U.S. courts order 401(k) sponsors to do the right thing

 The U.S. Supreme Court ruled this week that employers have a duty to protect workers in their 401(k) plans from mutual funds that are too expensive or perform poorly.

Monday’s unanimous ruling sends a strong signal that employers must improve their plans. And it comes just as the Obama administration prepares a landmark change of its own by issuing rules requiring that financial advisers put the interest of customers ahead of their own.

The high court ruled on a class-action lawsuit against Edison International. St. Louis lawyer Jerome Schlichter, who has made a cause of suing 401(k) plans to get them to shape up, brought the case on behalf of 20,000 retirees and workers at the large Southern California utility company.

The case now returns to the lower court for final resolution.


“It’s hard to say how sponsors will react, but certainly the law has always been that fees must be reasonable,” Schlichter says. “If there is a fund that is significantly less expensive than another comparable fund, the plan fiduciary must determine that cheaper is better.”

The message here is not that all 401(k)s are bad or too expensive. In fact, costs have fallen 30 percent over the past decade, according to the Investment Co Institute, as more plan sponsors turn to low-cost passive investing options.

But costs vary widely. Plans with more than $100 million in assets usually have total annual costs below 1 percent, and the biggest plans usually are below 0.50 percent, according to Brightscope, which tracks the industry. In small plans, costs can be as high as 2 percent.

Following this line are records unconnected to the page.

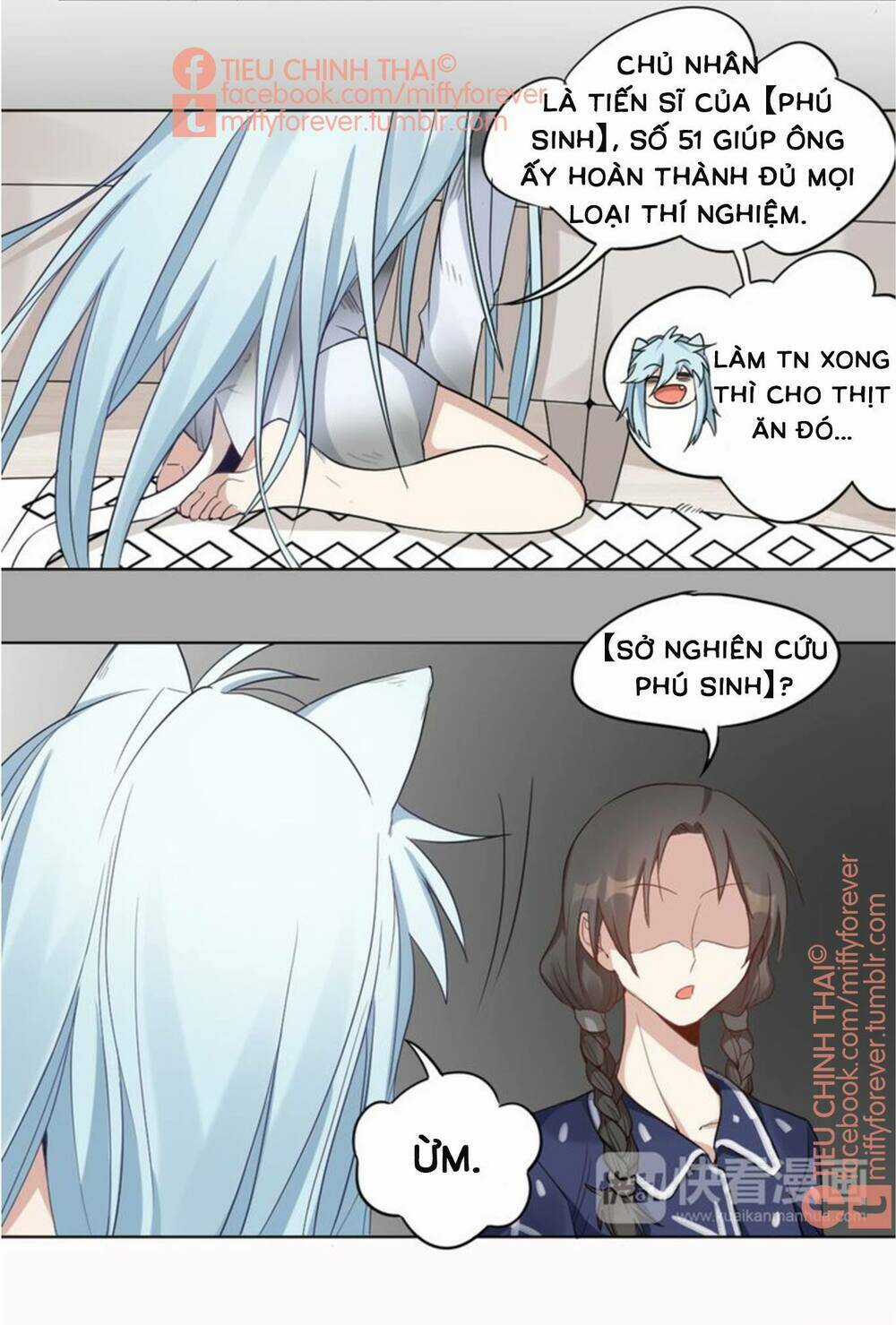 Bạn trai mèo - Chapter 3 - Trang 21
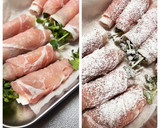 ネギの豚肉巻き☆キャベツのマヨ炒め弁当作り方2写真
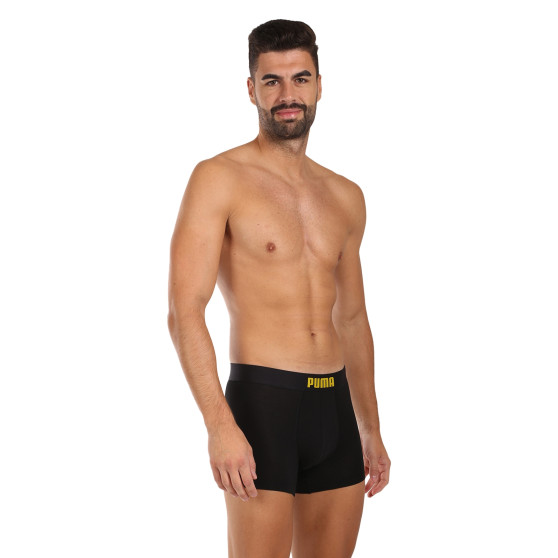 2PACK pánské boxerky Puma černé (701226763 010)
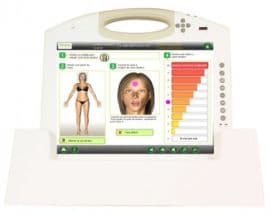 Illustration Des tablettes qui donnent de la voix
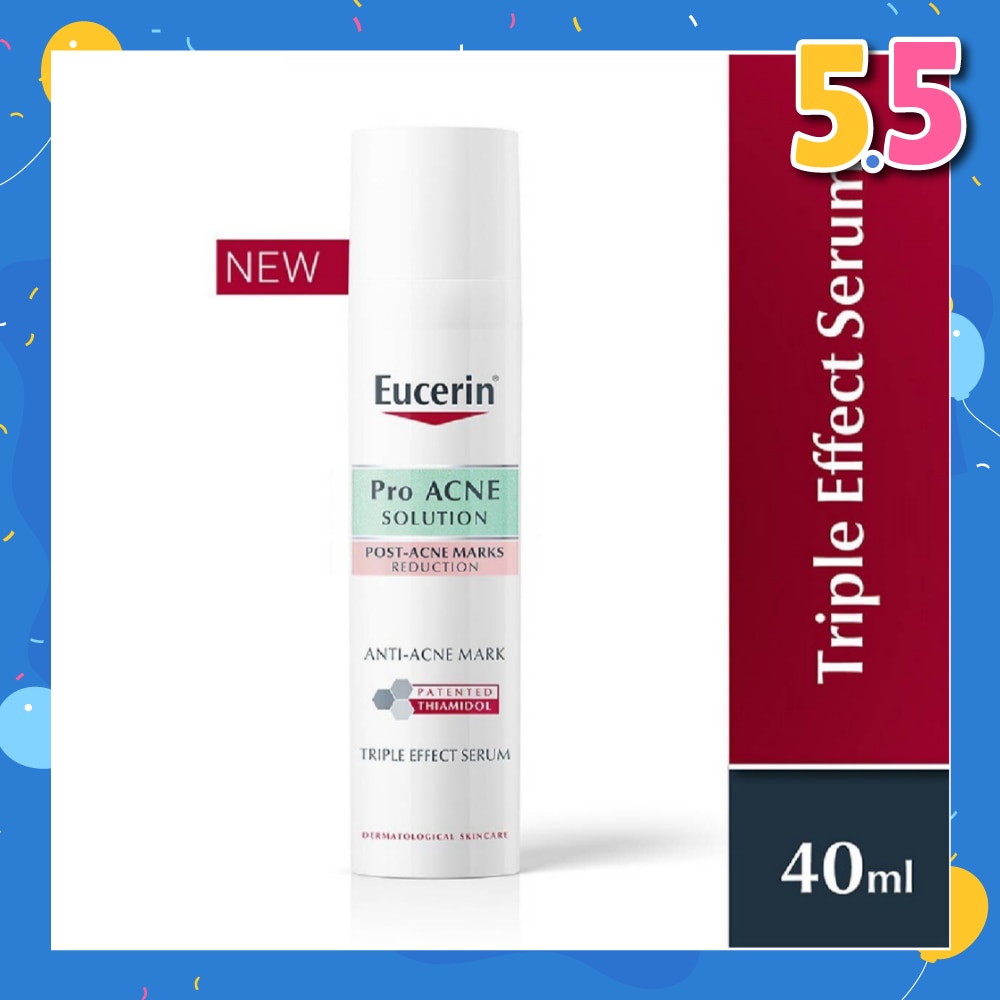ProACNE Solution Triple Effect Serum (Beat Blemishes + Post-Acne Marks) 40ml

Financial service companies can charge a range of management, administrative, marketing, distribution and record-keeping fees for 401(k) plans. Plan sponsors can assume the costs, but employees are paying 87 percent of all fees, according to a study for ICI by Deloitte Consulting.

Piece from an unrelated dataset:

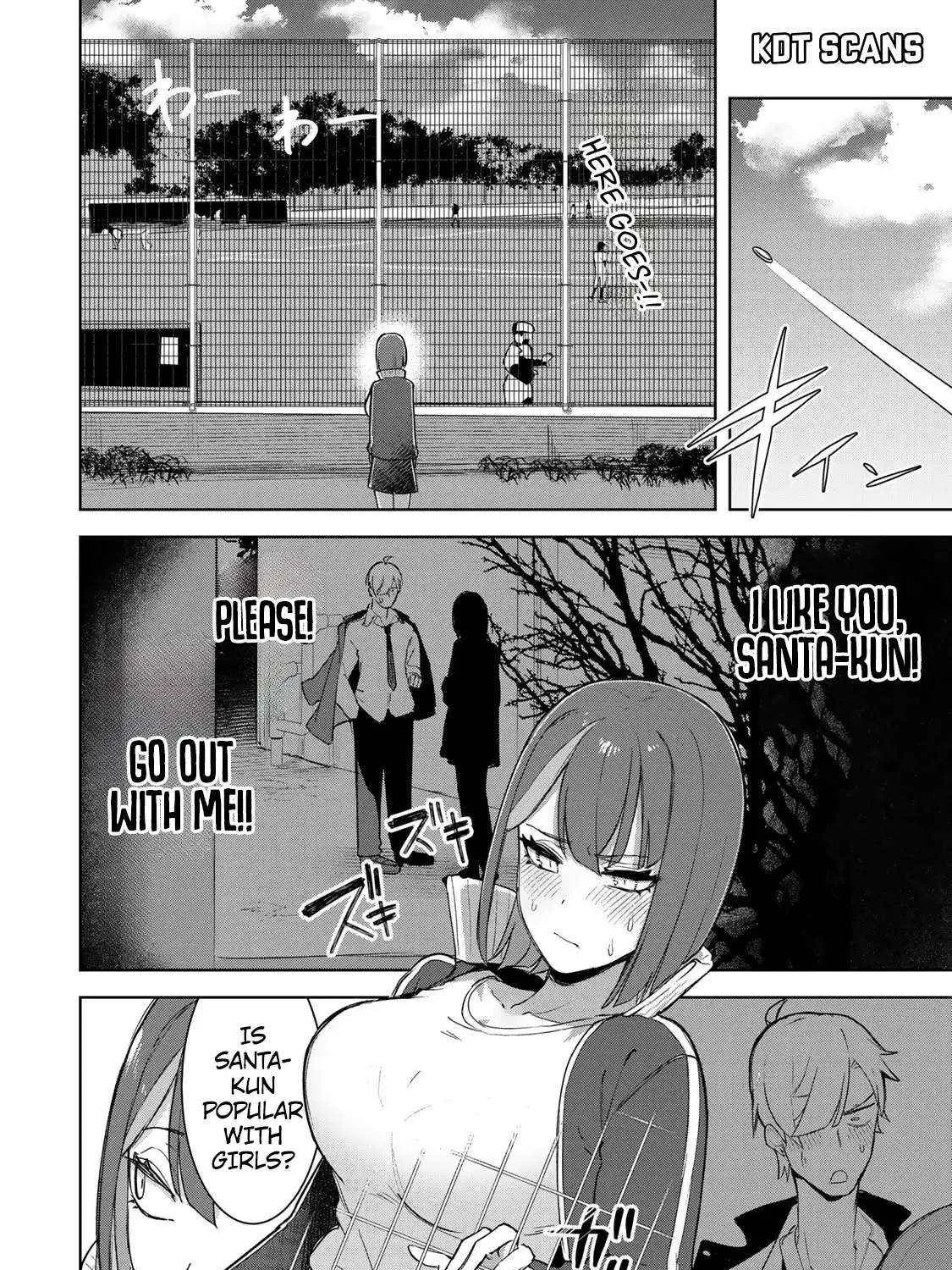 Vampire-san Wants Her (Man's) Blood Taken - Chapter 9 - Page 3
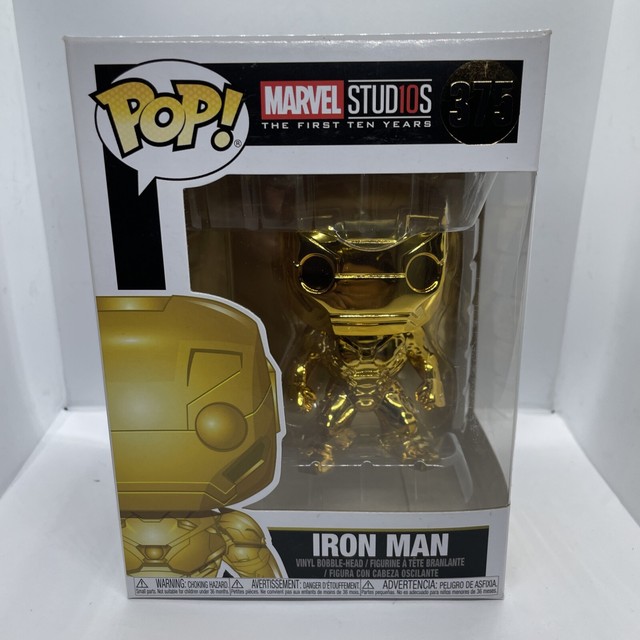 Funko Pop Marvel Studio 10th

Most workers do not know they bear the lion’s share of costs. A 2011 AARP survey found that 71 percent of retirement savers do not think they pay any investment fees at all.

Yet fees make a huge difference in returns over time.

The U.S. Department of Labor estimates that a 1 percentage point difference on a current account balance of $25,000 will reduce total accumulations by 28 percent over 35 years, assuming average returns of 7 percent and no further contributions.

The Edison battle centered on the 401(k) plan’s use of retail-class mutual funds when less-expensive institutional shares were available. The difference between those classes typically is 25 basis points, according to John Rekenthaler, vice president of research at Morningstar Inc.

The court decision will put pressure on large plans to cut costs further but will not have much impact on smaller plans, he says. That is because big plans have the buying power to negotiate better deals with fund providers – and because large corporations are much more attractive targets for litigation.

In particular, he expects more big plan sponsors to push for better deals than institutional funds by demanding “separately managed” versions of funds that offer specialized attention but also cut management fees to the bone.

“The big plans will get even cheaper,” Rekenthaler says. “A big plan sponsor might wind up paying one basis point instead of 10 basis points for the same fund.”

Even the bigger picture is looking brighter.

With a looming retirement security crisis as a backdrop, the court ruling and the Obama administration’s push for stronger fiduciary rules send a strong message: We need a more efficient, consumer-focused retirement saving system, one where financial service providers and plan sponsors do the right thing.